Dans le monde, la situation ne s’améliore pas
Parmi les 193 pays membre de l’Organisation des Nations unies, l’homosexualité reste réprimée par la loi dans 64 pays, selon les données 2025 de l’Association internationale des personnes lesbiennes, gays, bisexuelles, trans et intersexes (Ilga World). En 2024–2025, l’ONU et des ONG rapportent par ailleurs une recrudescence des lois punitives visant non seulement les actes homosexuels, mais aussi la « promotion » ou « expression LGBTQI + », avec des conséquences sanitaires notables, telles que le ralentissement de la lutte contre le VIH.
Une dynamique européenne sous pression
Sous la pression politique et juridique, de nombreuses entreprises américaines ont considérablement réduit ou abandonné leurs engagements en matière de Diversité, d’Equité et d’Inclusion (DEI). Au premier rang desquels se trouvent les géants de la Tech, mais également les mastodontes de la grande distribution et du secteur automobile, à l’instar de Walmart et de Ford. L’Europe n’a pas été exempte des vents violents en provenance de l’autre côté de l’Atlantique. Fin mars, les entreprises françaises ainsi que britanniques – comptant parmi leurs clients l’ambassade américaine – découvraient avec étonnement un courrier signé de la main d’un dénommé Stanislas Parmentier. Cette missive demande aux fournisseurs de la représentation étasunienne en France de renoncer à tout programme de promotion de diversité et d’inclusion, sous peine de ne plus pouvoir contracter avec l’ambassade.
Toutes les entreprises n’ont cependant pas cédé aux injonctions américaines. Celles qui travaillent principalement sur le marché français ont maintenu leurs engagements. Idem pour celles qui évoluent principalement au sein d’un marché européen. Les plus dépendantes des Etats-Unis, en revanche, ont dû montrer patte blanche, sous peine de perdre de précieux marchés. Certaines ont fait le choix de se faire plus discrète, effaçant de leurs sites Internet leurs actions D&I, mais continuant localement à les mettre en place. C’est le cas notamment des cabinets de conseils.
En France, des LGBTphobies qui ne reculent pas
Difficile cependant de croire que le recul planétaire est du seul fait étasunien. L’opinion publique est de moins en moins sensible aux sujets LGBTQI +, comme en attestent les résultats de l’étude Global Advisor « Pride », réalisée par Ipsos à l’occasion du mois des fiertés. Dans le monde, désormais, seul·e·s 41% des consommateurs voient d’un bon œil les marques qui promeuvent l’égalité LGBT+. Un chiffre en baisse de 8 points depuis 2021. Autre constat notable : seuls 38% des salarié·es en France soutiennent les politiques spécifiques d’inclusion à destination des employé·es LGBT+ (en baisse de 8 points en 4 ans), tandis que 24% y sont désormais hostiles.

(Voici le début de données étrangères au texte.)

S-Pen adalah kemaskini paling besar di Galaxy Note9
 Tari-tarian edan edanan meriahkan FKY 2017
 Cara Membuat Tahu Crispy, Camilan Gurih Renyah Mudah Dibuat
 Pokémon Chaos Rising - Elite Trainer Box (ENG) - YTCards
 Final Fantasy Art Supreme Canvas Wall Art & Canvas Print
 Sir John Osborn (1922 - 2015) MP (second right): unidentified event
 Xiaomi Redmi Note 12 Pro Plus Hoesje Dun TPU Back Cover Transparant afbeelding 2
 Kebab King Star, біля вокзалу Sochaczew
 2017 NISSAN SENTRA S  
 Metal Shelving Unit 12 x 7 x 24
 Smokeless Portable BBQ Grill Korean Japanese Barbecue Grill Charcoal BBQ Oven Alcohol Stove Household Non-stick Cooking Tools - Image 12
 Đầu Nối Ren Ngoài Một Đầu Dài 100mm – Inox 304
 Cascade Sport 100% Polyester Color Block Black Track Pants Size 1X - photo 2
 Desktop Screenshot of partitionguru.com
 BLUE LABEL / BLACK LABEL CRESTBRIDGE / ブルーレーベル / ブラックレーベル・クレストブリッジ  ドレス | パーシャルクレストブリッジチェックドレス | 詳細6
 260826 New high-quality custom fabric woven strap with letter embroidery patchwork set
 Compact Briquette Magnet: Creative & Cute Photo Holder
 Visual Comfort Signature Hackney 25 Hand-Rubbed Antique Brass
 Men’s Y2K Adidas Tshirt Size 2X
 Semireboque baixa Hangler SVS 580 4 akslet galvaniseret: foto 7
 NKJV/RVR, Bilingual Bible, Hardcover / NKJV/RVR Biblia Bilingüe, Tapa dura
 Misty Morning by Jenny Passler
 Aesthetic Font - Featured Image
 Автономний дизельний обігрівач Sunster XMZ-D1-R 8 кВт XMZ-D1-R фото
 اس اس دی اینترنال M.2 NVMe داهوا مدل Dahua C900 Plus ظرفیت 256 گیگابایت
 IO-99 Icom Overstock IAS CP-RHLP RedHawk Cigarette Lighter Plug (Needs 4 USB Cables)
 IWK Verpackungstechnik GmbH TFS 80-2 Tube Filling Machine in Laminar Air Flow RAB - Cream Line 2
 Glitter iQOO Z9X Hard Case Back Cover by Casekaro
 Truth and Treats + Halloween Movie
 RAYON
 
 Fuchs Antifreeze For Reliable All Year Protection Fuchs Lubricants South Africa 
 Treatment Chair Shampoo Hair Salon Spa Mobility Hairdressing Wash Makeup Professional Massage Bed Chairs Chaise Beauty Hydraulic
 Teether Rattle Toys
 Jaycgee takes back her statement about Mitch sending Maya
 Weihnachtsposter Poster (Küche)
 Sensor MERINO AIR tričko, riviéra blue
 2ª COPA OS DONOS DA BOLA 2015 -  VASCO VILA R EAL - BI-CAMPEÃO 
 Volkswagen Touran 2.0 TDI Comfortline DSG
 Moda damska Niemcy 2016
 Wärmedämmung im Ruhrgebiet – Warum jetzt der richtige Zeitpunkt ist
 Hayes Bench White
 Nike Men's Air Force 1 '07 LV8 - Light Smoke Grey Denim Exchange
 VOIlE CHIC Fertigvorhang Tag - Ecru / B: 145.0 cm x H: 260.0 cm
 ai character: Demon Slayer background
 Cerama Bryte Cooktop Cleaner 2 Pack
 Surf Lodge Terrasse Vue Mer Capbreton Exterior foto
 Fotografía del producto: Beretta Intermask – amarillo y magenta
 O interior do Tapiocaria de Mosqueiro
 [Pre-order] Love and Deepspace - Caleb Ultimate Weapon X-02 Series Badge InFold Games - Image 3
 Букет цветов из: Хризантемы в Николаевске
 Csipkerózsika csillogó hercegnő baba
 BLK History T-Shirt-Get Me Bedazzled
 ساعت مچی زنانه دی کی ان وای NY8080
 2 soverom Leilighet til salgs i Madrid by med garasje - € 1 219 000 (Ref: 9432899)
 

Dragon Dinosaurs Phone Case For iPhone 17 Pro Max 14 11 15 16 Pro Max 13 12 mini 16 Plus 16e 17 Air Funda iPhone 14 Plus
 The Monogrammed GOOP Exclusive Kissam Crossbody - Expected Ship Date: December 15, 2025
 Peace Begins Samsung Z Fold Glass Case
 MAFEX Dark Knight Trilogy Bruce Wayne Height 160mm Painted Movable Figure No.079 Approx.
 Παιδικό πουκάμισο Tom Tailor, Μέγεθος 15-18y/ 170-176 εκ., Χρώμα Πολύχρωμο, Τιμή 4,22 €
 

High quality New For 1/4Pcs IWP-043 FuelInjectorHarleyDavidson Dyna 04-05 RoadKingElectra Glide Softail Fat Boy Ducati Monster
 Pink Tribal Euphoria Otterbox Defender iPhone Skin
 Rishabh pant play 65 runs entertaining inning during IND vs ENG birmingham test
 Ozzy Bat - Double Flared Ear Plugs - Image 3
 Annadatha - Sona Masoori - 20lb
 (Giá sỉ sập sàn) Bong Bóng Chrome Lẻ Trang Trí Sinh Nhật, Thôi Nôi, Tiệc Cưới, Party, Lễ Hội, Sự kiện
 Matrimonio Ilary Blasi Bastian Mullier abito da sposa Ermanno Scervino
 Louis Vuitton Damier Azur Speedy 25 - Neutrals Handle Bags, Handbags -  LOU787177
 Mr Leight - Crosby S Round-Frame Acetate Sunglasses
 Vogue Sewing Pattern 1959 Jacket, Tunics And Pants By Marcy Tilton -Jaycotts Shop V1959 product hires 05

Conséquemment, les salarié·es LGBTQI+ se sentent de moins en moins enclins à faire état de leur identité en entreprise. Selon le baromètre Out@Work réalisé par le cabinet de conseil BCG en partenariat avec têtu•, en 2025, 48 % des personnes interrogées et concernées affirment avoir fait leur coming-out auprès de l’ensemble de leurs collègues. Un pourcentage en repli de 6 points par rapport à 2018. Être perçu comme LGBTQI + sur son lieu de travail est désormais considéré comme un désavantage par 30 % des sondés.
Polarisation à la française
En France, les actes de LGBTphobies continuent de progresser. Selon les chiffres compilés par SOS Homophobie et le Ministère de l’intérieur, en 2024, 4 800 infractions à caractère homophobe ou transphobe ont été enregistrées, soit une hausse de 5% par rapport à 2023. Les hommes restent les principaux auteurs (83 %) et victimes (72 %) de ces actes, tandis que les plaintes restent très peu nombreuses au regard de la réalité. Selon le ministère de l’intérieur, seules 4 % des victimes portent plainte.
Enfin, l’étude annuelle Le Refuge x BVA Xsight nous apprend que 41 % des Français·es réagiraient mal si leur enfant était transgenre. Un chiffre en progression de 4 points sur un an. Par ailleurs, une très grande majorité (59 % des personnes LGBTQI +) estime ne pas être bien intégrée dans la société française.
En 2025, 10 % de la population française se déclare LGBTQI+. Un pourcentage qui atteint 22 % au sein de la Gen Z (personnes nées en 1997 et après). Des pourcentages qui reflètent une réalité : les personnes queers sont désormais bien plus visibles qu’auparavant.